Session Configuration

import fenic as fc
from pydantic import BaseModel, Field
from typing import List, Literal, Optional

config = fc.SessionConfig(
    app_name="document_extraction",
    semantic=fc.SemanticConfig(
        language_models={
            "mini": fc.OpenAILanguageModel(
                model_name="gpt-4o-mini",
                rpm=500,
                tpm=200_000,
            )
        }
    ),
)

session = fc.Session.get_or_create(config)

Define Pydantic Model

# Define metadata extraction schema
class DocumentMetadata(BaseModel):
    """Pydantic model for document metadata extraction."""
    title: str = Field(
        description="The main title or subject of the document"
    )
    document_type: Literal[
        "research paper",
        "product announcement",
        "meeting notes",
        "news article",
        "technical documentation",
        "other"
    ] = Field(
        description="Type of document"
    )
    date: str = Field(
        description="Any date mentioned in the document (publication date, meeting date, etc.)"
    )
    keywords: List[str] = Field(
        description="List of key topics, technologies, or important terms mentioned in the document"
    )
    summary: str = Field(
        description="Brief one-sentence summary of the document's main purpose or content"
    )
Field descriptions are critical - they guide the LLM on what to extract and how to interpret the content.

Sample Documents

documents_data = [
    {
        "id": "doc_001",
        "text": "Neural Networks for Climate Prediction: A Comprehensive Study.

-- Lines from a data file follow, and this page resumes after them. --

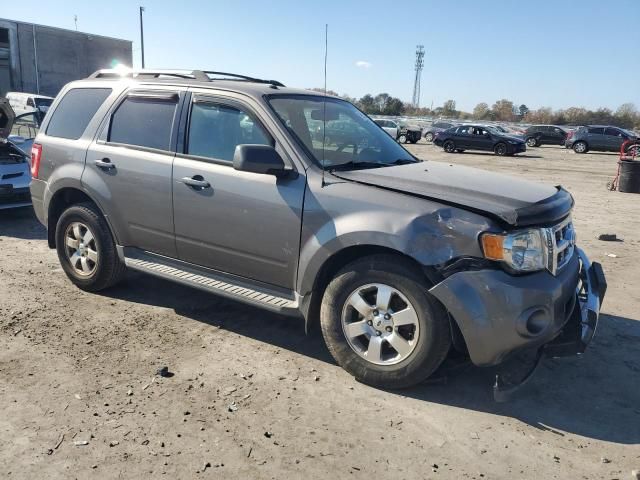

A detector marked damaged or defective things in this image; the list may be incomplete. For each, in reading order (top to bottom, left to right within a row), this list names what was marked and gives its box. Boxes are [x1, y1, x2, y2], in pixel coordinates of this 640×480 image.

damaged gray suv [30, 68, 608, 398]
cracked headlight [482, 228, 548, 272]
crumpled front bumper [430, 248, 604, 368]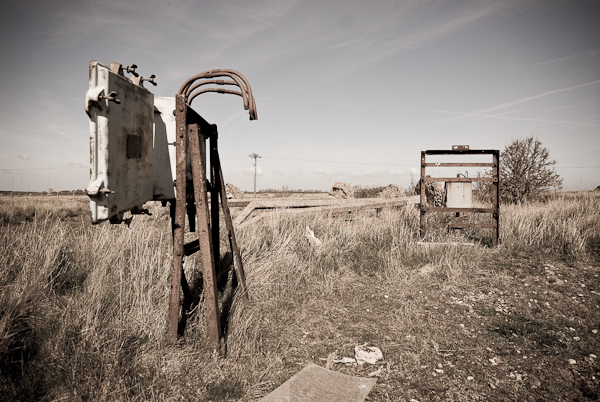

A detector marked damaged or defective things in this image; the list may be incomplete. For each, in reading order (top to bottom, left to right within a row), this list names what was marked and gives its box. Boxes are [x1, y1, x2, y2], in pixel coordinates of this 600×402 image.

rusty metal plate [85, 60, 154, 223]
rusty metal structure [85, 61, 255, 348]
rusty steel beam [166, 95, 188, 346]
rusty steel beam [189, 124, 221, 348]
rusted gate frame [166, 94, 246, 346]
rusted metal arch [176, 69, 255, 120]
rusty metal structure [420, 144, 500, 245]
rusted gate frame [422, 148, 502, 247]
rusty metal plate [258, 364, 376, 402]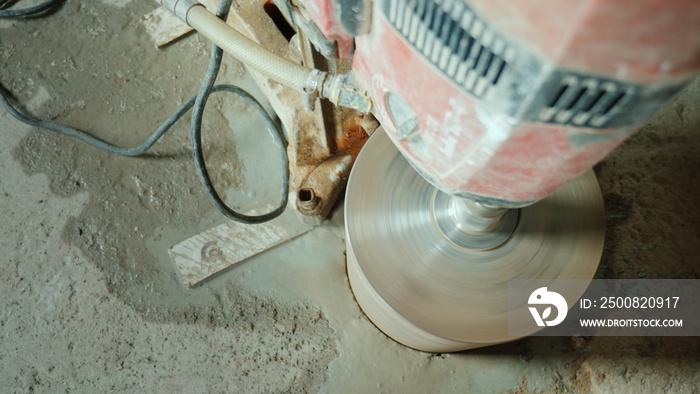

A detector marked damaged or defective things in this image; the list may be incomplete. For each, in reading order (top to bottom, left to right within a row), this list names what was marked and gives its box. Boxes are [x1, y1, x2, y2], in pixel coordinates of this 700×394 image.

rusty metal part [346, 129, 608, 350]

Published March 15, 2024. This research presents a novel deep learning approach for predicting climate patterns using multi-layered neural networks. Our methodology combines satellite imagery data with ground-based sensor readings to achieve 94% accuracy in temperature forecasting. Keywords: machine learning, climate modeling, neural networks, environmental science."
    },
    {
        "id": "doc_002",
        "text": "Introducing CloudSync Pro - Next-Generation File Synchronization. Release Date: January 8, 2024. CloudSync Pro revolutionizes how teams collaborate with real-time file synchronization across unlimited devices. Features include end-to-end encryption, automatic conflict resolution, and integration with over 50 productivity tools. Pricing starts at $12/month per user."
    },
    # ... more documents
]

docs_df = session.create_dataframe(documents_data)

Apply Extraction

# Extract metadata using Pydantic model
pydantic_extracted_df = docs_df.select(
    "id",
    fc.semantic.extract("text", DocumentMetadata).alias("metadata")
)

# Flatten the extracted metadata into separate columns
pydantic_results = pydantic_extracted_df.select(
    "id",
    pydantic_extracted_df.metadata.title.alias("title"),
    pydantic_extracted_df.metadata.document_type.alias("document_type"),
    pydantic_extracted_df.metadata.date.alias("date"),
    pydantic_extracted_df.metadata.keywords.alias("keywords"),
    pydantic_extracted_df.metadata.summary.alias("summary")
)

print("Extraction Results:")
pydantic_results.show()

Extracted Metadata Fields

Title

Main subject or heading of the document Example: “Neural Networks for Climate Prediction: A Comprehensive Study”

Document Type

Classification from predefined categories using Literal type Options: research paper, product announcement, meeting notes, news article, technical documentation, other

Date

Any relevant date mentioned (publication, meeting, release, etc.) Example: “March 15, 2024”

Keywords

List of key topics and terms Example: ["machine learning", "climate modeling", "neural networks", "environmental science"]

Summary

One-sentence overview of the document’s purpose Example: “This research presents a novel deep learning approach for predicting climate patterns.”

Expected Output

idtitledocument_typedatekeywordssummary
doc_001Neural Networks for Climate Predictionresearch paperMarch 15, 2024[“machine learning”, “climate modeling”, …]Novel deep learning approach for climate patterns
doc_002Introducing CloudSync Proproduct announcementJanuary 8, 2024[“file synchronization”, “collaboration”, …]Real-time file synchronization for teams
doc_003Weekly Engineering Standupmeeting notesDecember 4, 2023[“Kubernetes”, “CI/CD”, “API rate limiting”]Engineering decisions and action items
doc_004Major Data Breach Affects Usersnews articleDecember 12, 2023[“data breach”, “security”, “TechCorp”]Unauthorized database access affecting millions
doc_005API Reference: Authentication Servicetechnical documentationFebruary 20, 2024[“OAuth”, “SAML”, “authentication”]Secure user login and session management API

Advanced Schemas

Nested Models

class Author(BaseModel):
    name: str = Field(description="Author's full name")
    affiliation: str = Field(description="Author's institution or company")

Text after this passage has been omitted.